Both pipelines get the event into Elasticsearch, but the filebeat pipeline fails to parse the log properly, adding a _grokparsefailure
tag to the event; whereas the stdin does a perfect job of it.
This is the log line in question:
2016-06-11T16:28:33+10:00 60.241.43.104 200 GET /test.gif?v=1&_v=j44&a=1565401534&t=pageview&_s=1&dl=https%3A%2F%2Fwww.example.com%2F&ul=en-gb&de=UTF-8&dt=Title&sd=24-bit&sr=1280x720&vp=1263x614&je=0&fl=21.0%20r0&_u=QCCAAEABI~&jid=1451351253&cid=855412598.1465456935&tid=UA-28513095-1&_r=1&z=1190582191 HTTP/1.1 https://www.example.com/ "Mozilla/5.0 (Windows NT 10.0; WOW64) AppleWebKit/537.36 (KHTML, like Gecko) Chrome/51.0.2704.79 Safari/537.36"
This is my filebeat.yml config:
filebeat:
prospectors:
-
paths:
- /var/log/nginx/custom.log
input_type: log
document_type: cx-gacm-log
output:
logstash:
hosts: ["127.0.0.1:31312"]
console:
pretty: true
shipper:
logging:
files:
path: /var/log/gacm-filebeat
rotateeverybytes: 10485760 # = 10MB
level: debug
Here is the filebeat logstash pipeline config:
beats {
port => 31312
}
}
filter {
if [type] == "cx-gacm-log" {
grok {
match => {
"message" => "%{TIMESTAMP_ISO8601:timestamp} %{IPORHOST:remote_ip} %{NUMBER:status_code} %{WORD:request_action} %{URIPATH:collector_path}(?:%{URIPARAM:request_params})? HTTP/%{NUMBER:http_version} %{URIPROTO:referrer_proto}://(?:%{USER}(?::[^@]*)?@)?(?:%{URIHOST:referrer_host})?(?:%{URIPATHPARAM})? \"%{DATA:agent}\""
}
}
date {
match => [ "timestamp", "ISO8601" ]
}
geoip {
source => "remote_ip"
target => "geoip"
}
useragent {
source => "agent"
target => "user_agent"
}
# key value split for the parameters
kv {
field_split => "&?"
source => "request_params"
}
mutate {
#remove the fields we don't want
remove_field => ["message", "request_params", "agent"]
}
urldecode {
all_fields => true
}
}
}
output {
elasticsearch {
hosts => "localhost"
index => "%{[@metadata][type]}-%{+YYYY.MM.dd}"

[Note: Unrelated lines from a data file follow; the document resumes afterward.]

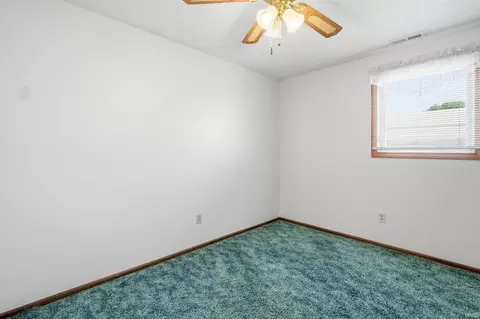 Bedroom - 4177 Us 6 Hwy, Waterloo, IN 46793 photo 4 of 10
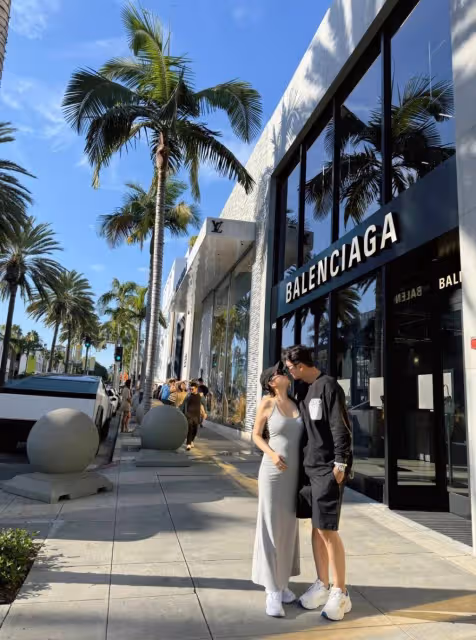 港星高鈞賢與女友當街甜蜜接吻!女方小腹隆起疑有孕家中放孕婦枕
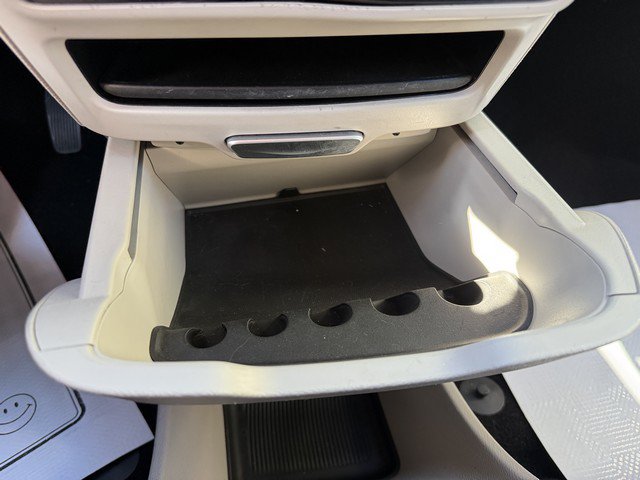 Used 2017 Chrysler Pacifica Touring-L FWD image 34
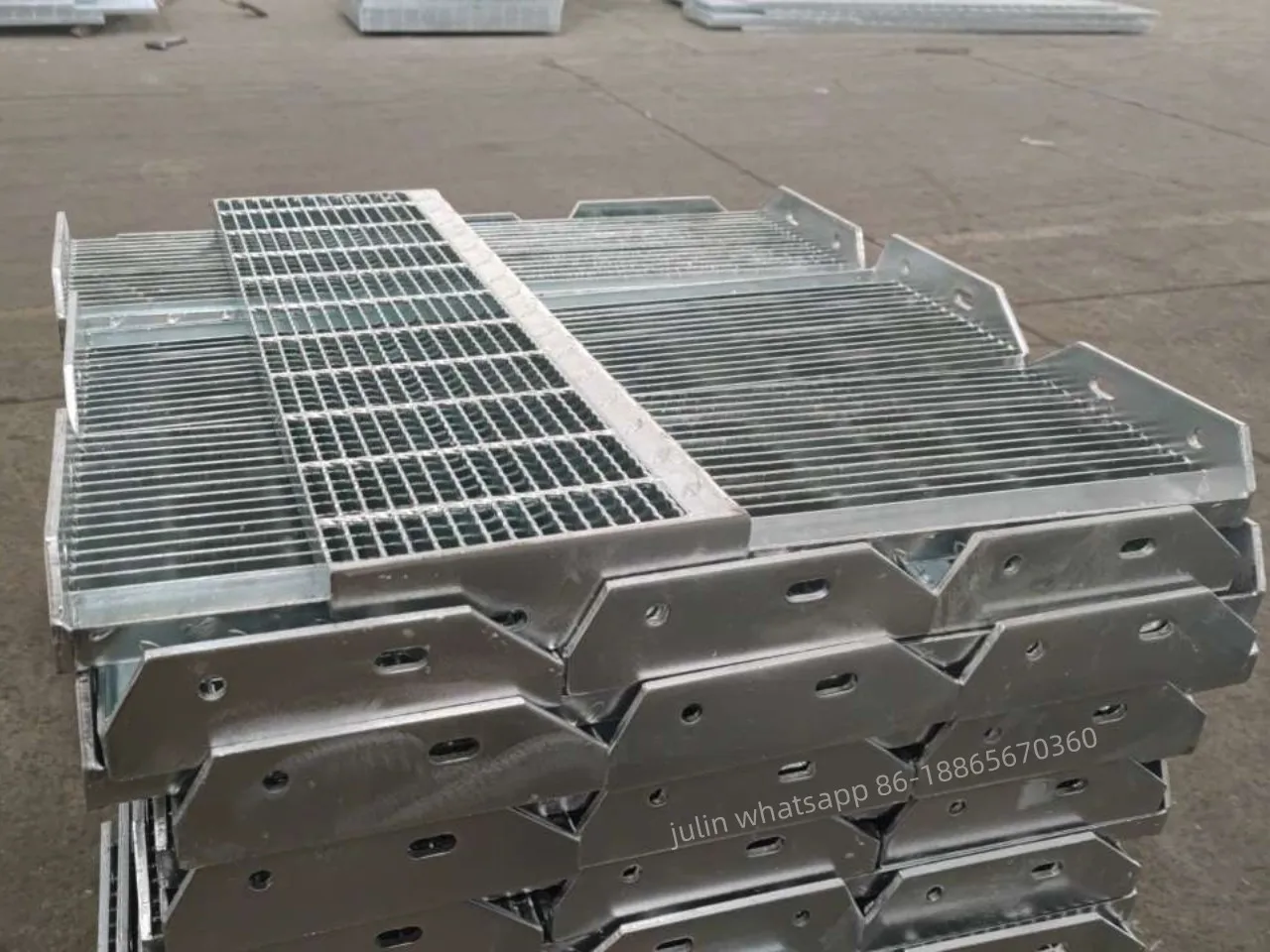 Hot seller prefabricated exterior non slip concrete Outdoor Q235 Safe Grating Tread Galvanized Metal Steel Steps Stairs Weight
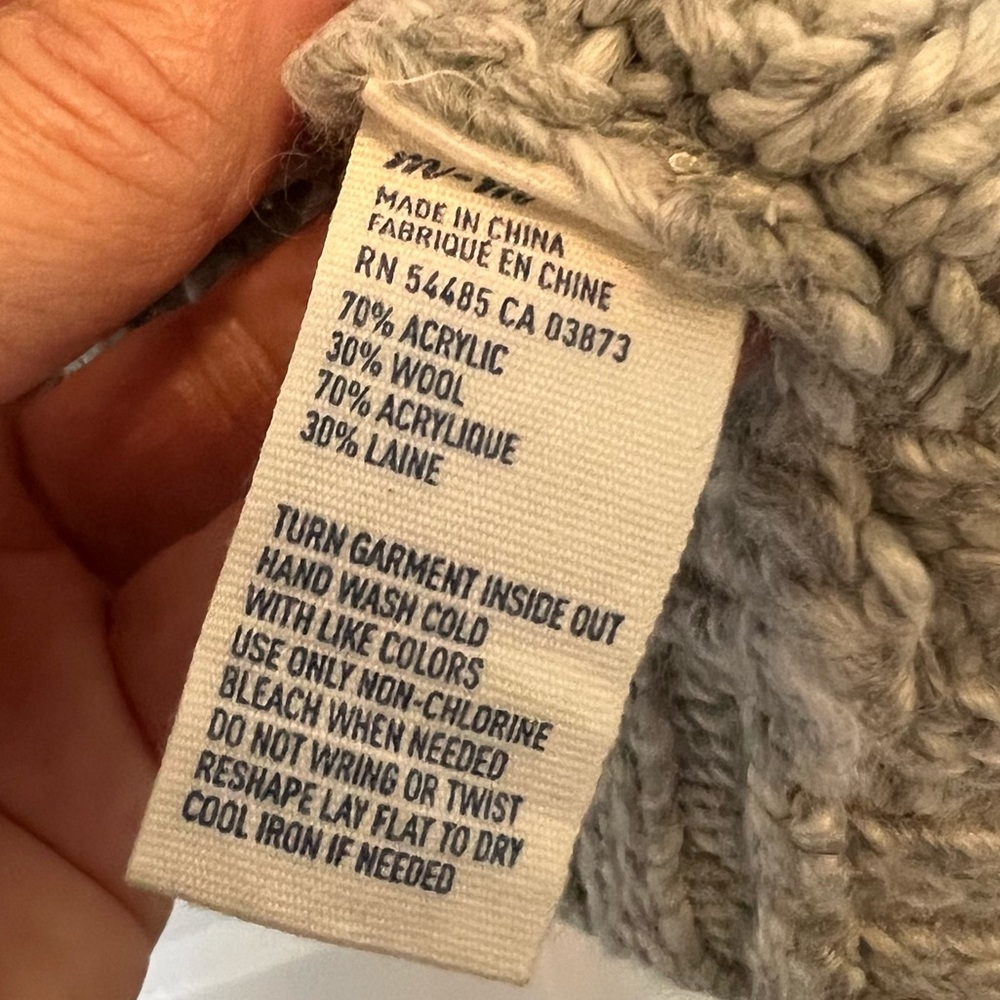 American Eagle Outfitters Gray Poncho Sweater Cableknit Cable Knit Button Size M - Picture 11 of 12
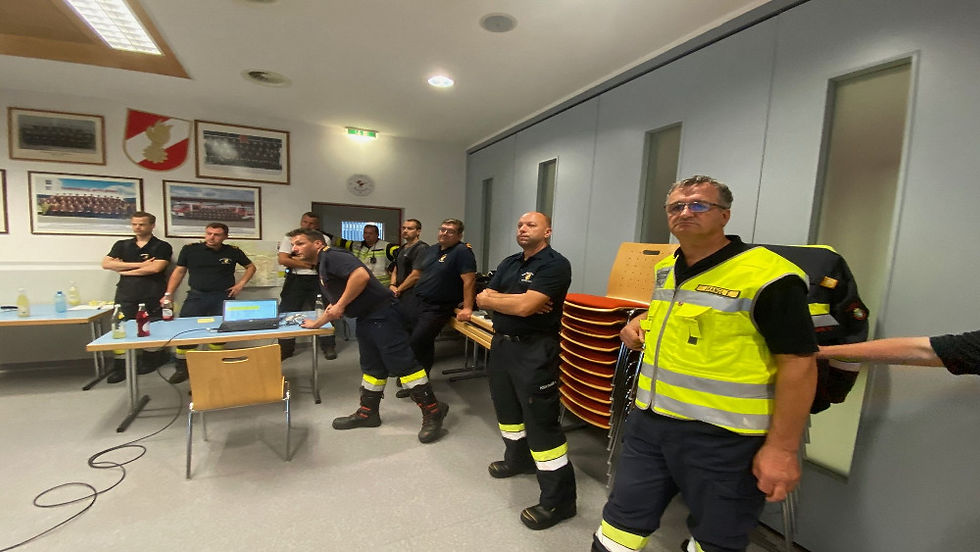 Um die zahlreichen Einsätze nach dem schweren Unwetter zu koordinieren, wurde im Rüsthaus Spielberg ein Führungsstab eingerichtet. Feuerwehrkräfte arbeiteten bis spät in die Nacht an der Schadensbewältigung.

document_type => "%{[@metadata][type]}"
}
}
I use a different config file for the stdin pipeline just to make things a little easier, but it is essentially the same.
Here is the stdin pipeline config:
input {
stdin {
type => "cx-gacm-stdin"
}
}
filter {
if [type] == "cx-gacm-stdin" {
grok {
match => {
"message" => "%{TIMESTAMP_ISO8601:timestamp} %{IPORHOST:remote_ip} %{NUMBER:status_code} %{WORD:request_action} %{URIPATH:collector_path}(?:%{URIPARAM:request_params})? HTTP/%{NUMBER:http_version} %{URIPROTO:referrer_proto}://(?:%{USER}(?::[^@]*)?@)?(?:%{URIHOST:referrer_host})?(?:%{URIPATHPARAM})? \"%{DATA:agent}\""
}
}
date {
match => [ "timestamp", "ISO8601" ]
}
geoip {
source => "remote_ip"
target => "geoip"
}
useragent {
source => "agent"
target => "user_agent"
}
# key value split for the parameters
kv {
field_split => "&?"
source => "request_params"
}
mutate {
#remove the fields we don't want
remove_field => ["message", "request_params", "agent"]
}
urldecode {
all_fields => true
}
}
}
output {
elasticsearch {
hosts => "localhost"
index => "%{[@metadata][type]}-%{+YYYY.MM.dd}"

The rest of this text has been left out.